Based on the work of [9], several invariant sets have been implemented for the interpolation functions available in MapStress, and linear interpolation is performed for these invariant sets instead of the single tensorial values. These interpolated invariants allow you to recover the eigenvalues based on a closed form solution of the cubic function and together with the eigenvectors determined through linear interpolation of the originating tensors, the resulting tensor can be recovered.
Due to the boundaries of the recovery function, which is based on the arccosine defined between -1.0 ≤ x ≤ 1.0, this might lead to unexpected behavior with the current implementation.
INV-K refers to an orthogonal invariant set based the tensor trace, the Frobenius norm of the tensor's deviatoric (fractional anisotropy of the tensor), and the mode of the deviatoric.
INV-R refers to an orthogonal invariant set based the tensor norm, the relative anisotropy of the tensor, and the mode of the deviatoric as in INV-K.
INV-N is a non-orthogonal invariant set based on the tensor trace, the fractional anisotropy, and the tensor mode.

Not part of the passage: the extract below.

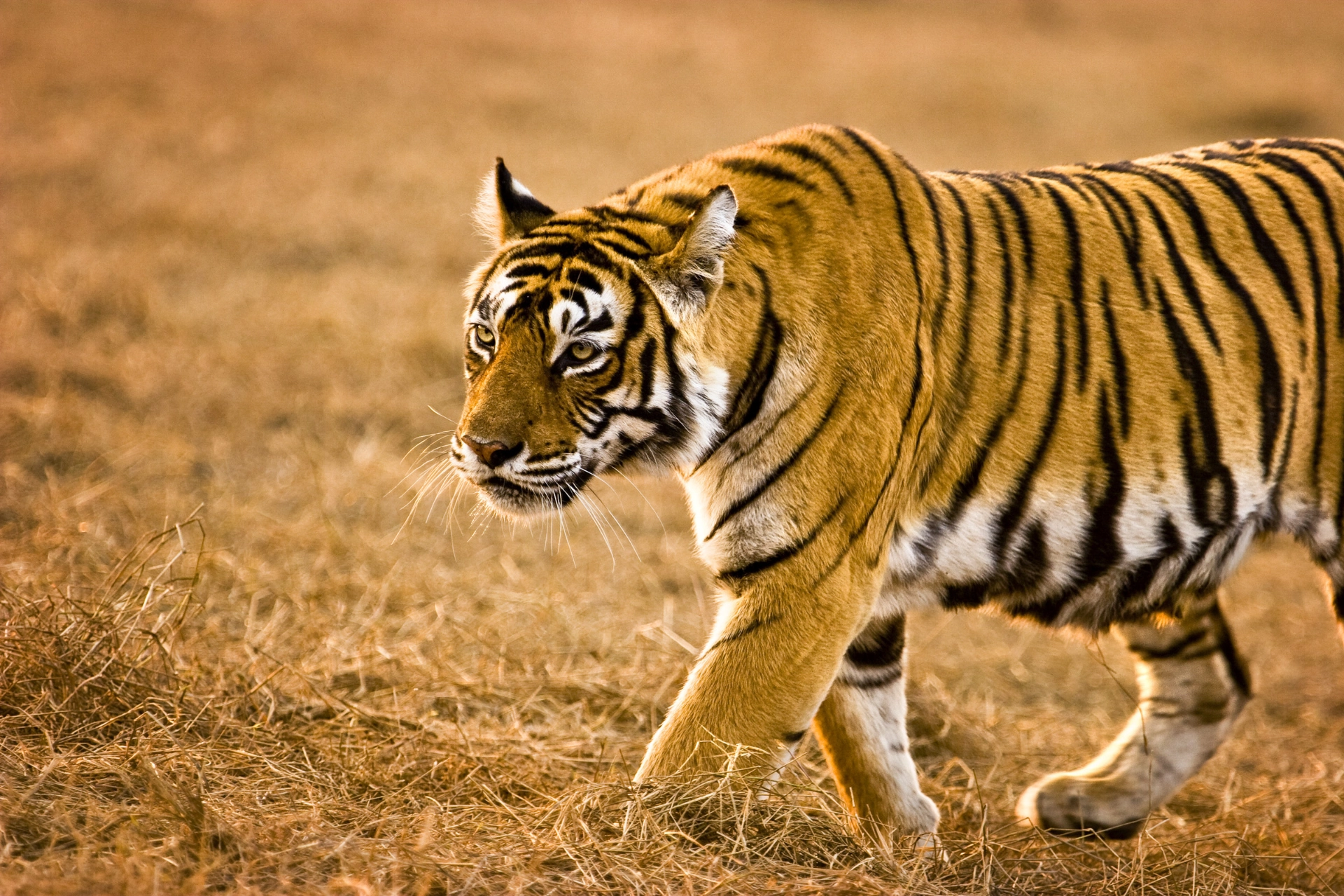 Tigre er territoriale og jakter vanligvis alene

INV-U is a uniform invariant set based on the tensor trace, the scaled relative anisotropy of the tensor, and the scaled angular mode AM.
These invariant sets have been proposed in [9] for positive definite tensors gained in DT-MRI measurements. Generally, stress tensors are not positive definite. The Cauchy stress tensor invariant set INV-C is therefore added to the interpolation options, even though this might not solve the issue regarding the arccos in the recovery function.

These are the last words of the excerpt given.